When building owner, Joe Anderson, was renovating the property and removing wall boards installed in the meeting room, he came across inscriptions written on the walls. Several of the patients had scrawled their names and units as a sort of testimonial to the time they spent there.
The surrender of Robert E. Lee's army on April 9, 1965 signaled an end to the fighting in the East. No further casualties would come in from the front, and the Tyrone Soldiers' Hospital no longer would be needed. Without ceremony or fanfare, the military vacated the premises and returned ownership to the Brethren Church.

Military usage was hard on the building, however, with approximately $600 in damage done by the troops. (The estimate takes on a new perspective, considering the entire property was appraised at $1200 in 1863.) The congregation unsuccessfully appealed to the federal government for financial compensation to repair the damage. Eventually, they raised the money through private solicitations, completed the renovations, and re-occupied the building in 1866. The congregation worshipped there for the next twenty-one years — until they moved to a new building in 1887 — while still retaining ownership of the old church.

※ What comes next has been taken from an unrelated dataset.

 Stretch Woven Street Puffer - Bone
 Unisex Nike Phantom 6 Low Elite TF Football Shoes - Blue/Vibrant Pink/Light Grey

In 1891, the structure was sold to the F. W. Wise Co., Scenic Artists, Decorators and Theatrical Architects. The Wise Co. specialized in interior artwork and frescoes for both public and private buildings. Theaters and churches served as the company's largest supporters, and examples of its work still can be seen in several Blair County churches. The company selected the site due to the high ceilings in the meeting room, which were perfectly suited to suspend large panels for painting.

For the next two decades, the building was occupied by a troop of artists, and the structure that had — at various times — brought comfort to the soul and body now housed the creation of art that brought similar comfort to the spirit. An example of the kind of work done during that period is still visible on a mural on the first floor.

When the Wise Co. fell on hard times in the early 1900s, so did the old church. It was eventually sold but never again attained any measure of importance in Tyrone. It was used primarily as a warehouse.

Today [in 2002], the building is for sale. Because it is situated on commercially zoned property adjacent to the downtown area, its future is less than promising. The value of the property, for most potential purchasers, is in the land itself. The drafty, old frame building likely will be torn down by a developer.
Efforts are underway to preserve the structure. It is hoped that some group or some individual steps in before a rare link to our own American history is lost forever.
— Condensed from an article by Robert P. Broadwater in the August 2002 issue of State College Magazine. Reproduced here with the author's permission.